Do you need to communicate to the rest of the organisation, or to your customers?
Incidents often require other stakeholders to be kept in the loop with periodic updates on status. These might be your team, your board of directors, or your customers.
Is this something you want to discuss afterwards and review to extract learnings?
After an incident, you'll generally want to dig deeper to learn more and see how you might prevent this in the future.
Incidents and non-incidents #
Convinced, but looking for some examples? We've got you covered. As with most things, context is everything, so read these as guidelines rather than hard and fast rules.
Things we'd call incidents #
- A website checkout error repeatedly preventing a single customer from paying for their basket is an engineering incident.

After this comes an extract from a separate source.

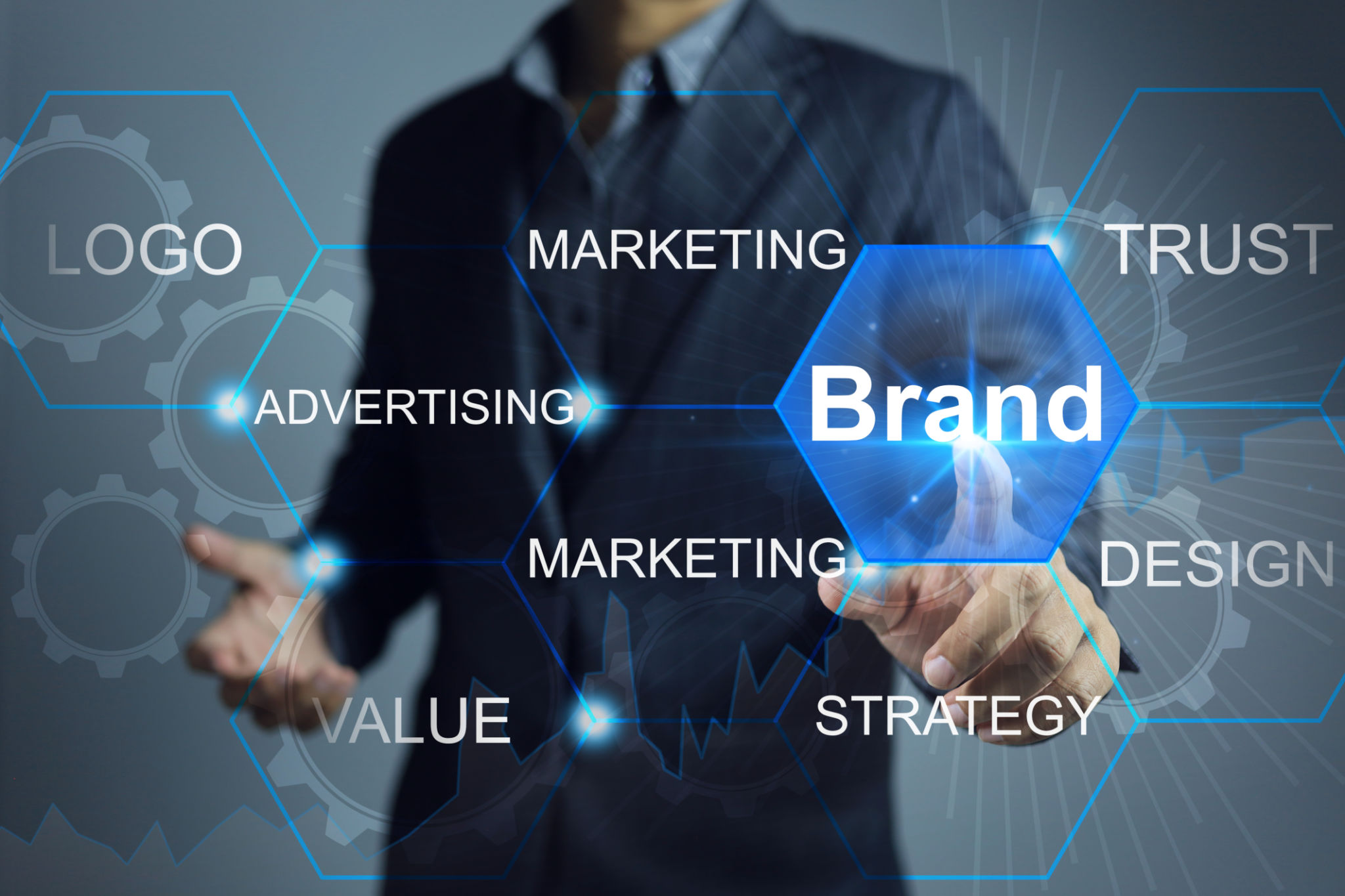 successful business branding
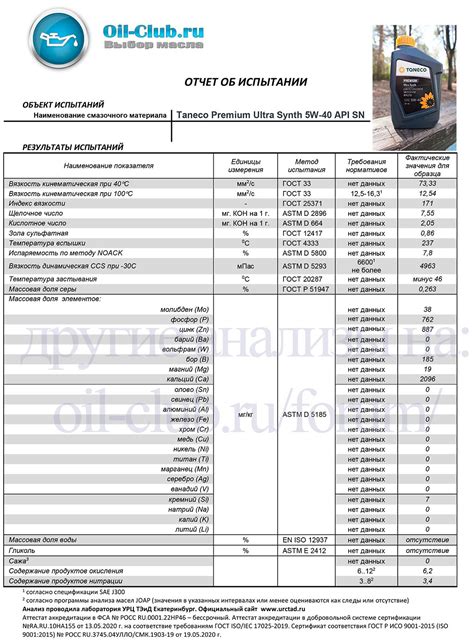 Taneco Premium Ultra Synth 5W-40 API SN свежее - Лабораторные анализы ...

- You’re running a food delivery service and there are not enough delivery riders being on shift. Delivery times to customers have dramatically increased, and customers are complaining. As a result, you have an operational and product incident.
- Your largest customer threatening to churn unless you re-negotiate their contract is a customer success incident.
- An ex-employee threatening to maliciously leak confidential information about the business is a security incident.
- A customer support agent sending data to the wrong customer is an operational and privacy incident.
Things we wouldn't call incidents #
- A minor CSS formatting issue affecting users on a tiny percentage of browsers. It has a small negative impact on a very small number of users but doesn't require an urgent response and you can prioritise it against other work.
- An employee resigning from the business. Although it has negative impacts, it's an expected normal business flow and doesn't need to be responded to urgently.
- Someone dropped a glass in the office. This requires urgency in response to clean it up so others aren't hurt but doesn't require coordination, communication or systemic improvements.
How we work at incident.io #
At incident.io we treat any interruption to normal work as an incident. That might mean a single Sentry error that needs investigation, some behaviour we can’t explain, or a report from a customer. We do this so that we:
- Make ownership clear: “I can see Lawrence is looking at that bug, I’ll leave him to it”
- Aid knowledge sharing: “I see Sophie looked into an issue last night which was related to the thing I was working on. I’ll scan through what happened”
- Ruthlessly prioritise: we use incidents to systematically triage issues quickly to determine whether a fix needs to be picked up immediately or deferred until later
We’re not logging these incidents with the intention of running lengthy post-mortems or extracting rich insights. Those things will be valuable at scale, but as a small organisation, we're optimising for transparency and speed of recovery.
We suspect we’ll change our approach as we scale, but for our early days, this approach has served us really well.